2008 Awardee: Sophie Neil
I can’t thank you enough for granting me a Dewar Arts Award, enabling me to take up a coveted place at the National Film and Television School in Beaconsfield.
Biography
Fife-born Sophie Neil studied drama and theatre arts at Goldsmiths College, London after leaving school. She went on to gain an MA with distinction in Scenography (Theatre Design) at the Central School of Speech and Drama also in London.
Since then Sophie has worked as a scenographer for live performance at various venues including the New South Bank Centre, the Siobhan Davis Studios and Glyndebourne. Her ultimate ambition was to study at the world-renowned National Film and Television School, which would open up wider opportunities to work in film and television as a Production Designer.

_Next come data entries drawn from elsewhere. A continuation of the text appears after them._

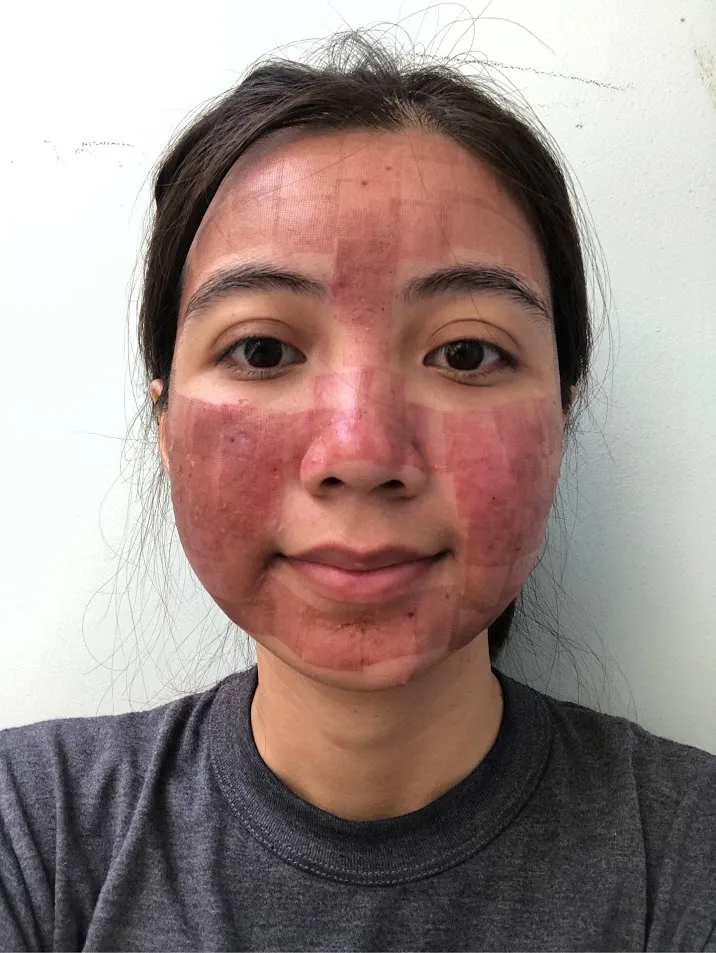 Why Laser Makes Melasma Worse — And What to Do Instead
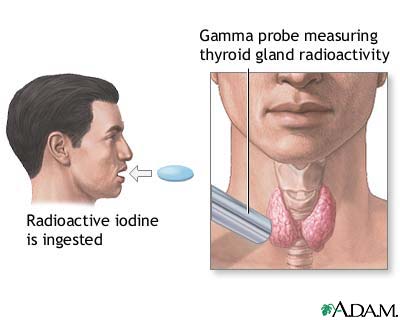 Thyroid uptake test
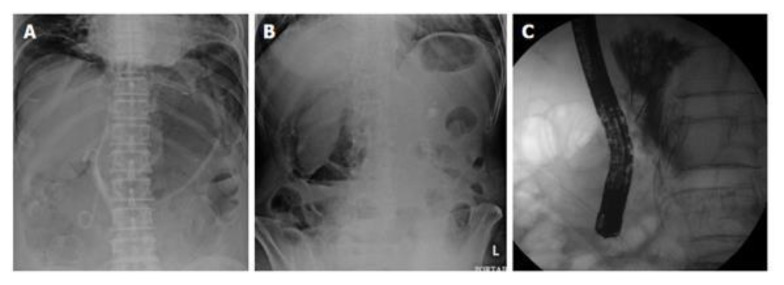 ERCP and complications of small bowel perforation.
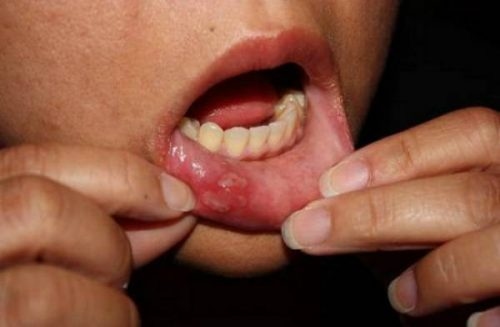 Có vết loét bất thường là một trong những biểu hiện ung thư khoang miệng thường gặp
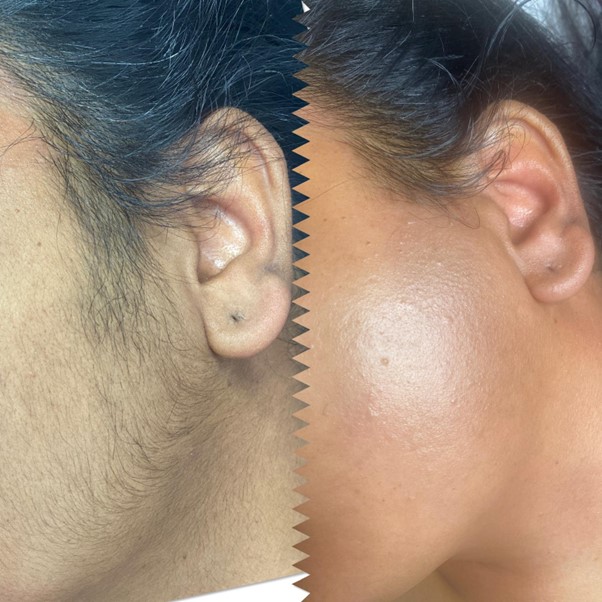 Full Face Wax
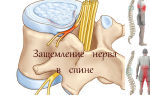 Защемление нерва в спине, причины, симптомы, лечение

Sophie successfully beat off stiff competition from around the world to be one of only eight students accepted onto the course in 2008. She is seen as a talented and sensitive designer, and her entrance project for NFTS both intrigued and delighted the selection panel demonstrating that she would bring new ideas to designing for the screen.
One of Sophie’s secret ambitions is to design for a future Olympics.
How the Award Helped
The Dewar Arts Award will help Sophie financially through the course in Production Design for Screen at the NFTS, Beaconsfield.
Since the Award
Sophie successfully graduated with an MA in Production Design, gaining a distinction on her dissertation entitled ‘Emptiness’. She writes that her time at NFTS “has inevitably changed my skills and my prospects beyond measure.”
Sophie has been in continuous employment since leaving NFTS, first on the set of “Bel Ami”, due for release in 2011, and currently as an Assistant Art Director with established designer, Peter Bingemann. Sophie’s animation graduate project “The Boy who wanted to be a Lion” was selected for the Short Film Competition at Critics’ Week at the 2010 Cannes Film Festival.
I can’t thank you enough for granting me a Dewar Arts Award, enabling me to take up a coveted place at the National Film and Television School in Beaconsfield.